START The data
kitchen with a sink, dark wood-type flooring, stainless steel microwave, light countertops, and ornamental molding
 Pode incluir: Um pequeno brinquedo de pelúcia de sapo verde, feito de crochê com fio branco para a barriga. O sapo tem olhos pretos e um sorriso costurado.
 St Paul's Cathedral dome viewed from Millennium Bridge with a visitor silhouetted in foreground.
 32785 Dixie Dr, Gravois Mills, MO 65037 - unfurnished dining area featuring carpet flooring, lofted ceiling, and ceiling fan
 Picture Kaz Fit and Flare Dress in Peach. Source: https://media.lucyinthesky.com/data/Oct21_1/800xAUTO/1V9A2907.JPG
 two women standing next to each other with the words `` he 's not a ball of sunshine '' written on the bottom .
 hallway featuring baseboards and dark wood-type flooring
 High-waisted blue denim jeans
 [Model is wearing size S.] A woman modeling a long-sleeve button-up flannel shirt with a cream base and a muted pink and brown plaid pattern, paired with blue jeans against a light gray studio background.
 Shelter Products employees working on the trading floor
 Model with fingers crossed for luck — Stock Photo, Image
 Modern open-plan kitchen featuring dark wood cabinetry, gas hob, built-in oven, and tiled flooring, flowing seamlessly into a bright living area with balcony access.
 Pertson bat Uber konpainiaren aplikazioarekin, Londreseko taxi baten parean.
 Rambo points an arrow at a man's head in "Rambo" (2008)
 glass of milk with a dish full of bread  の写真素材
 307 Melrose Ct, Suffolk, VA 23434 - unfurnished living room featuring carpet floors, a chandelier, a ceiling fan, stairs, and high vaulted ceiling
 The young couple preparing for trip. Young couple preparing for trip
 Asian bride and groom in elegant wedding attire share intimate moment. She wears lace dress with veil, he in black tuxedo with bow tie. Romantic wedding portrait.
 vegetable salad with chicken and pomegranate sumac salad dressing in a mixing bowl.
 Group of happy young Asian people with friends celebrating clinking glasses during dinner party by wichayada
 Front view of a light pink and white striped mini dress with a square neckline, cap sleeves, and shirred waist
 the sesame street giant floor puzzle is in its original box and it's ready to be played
END The data
▶ **Exercise aim**:
Among the records above, find the lines where the word "kitchen" appears and copy them.

▶ **Task response**:
kitchen with a sink, dark wood-type flooring, stainless steel microwave, light countertops, and ornamental molding
 Modern open-plan kitchen featuring dark wood cabinetry, gas hob, built-in oven, and tiled flooring, flowing seamlessly into a bright living area with balcony access.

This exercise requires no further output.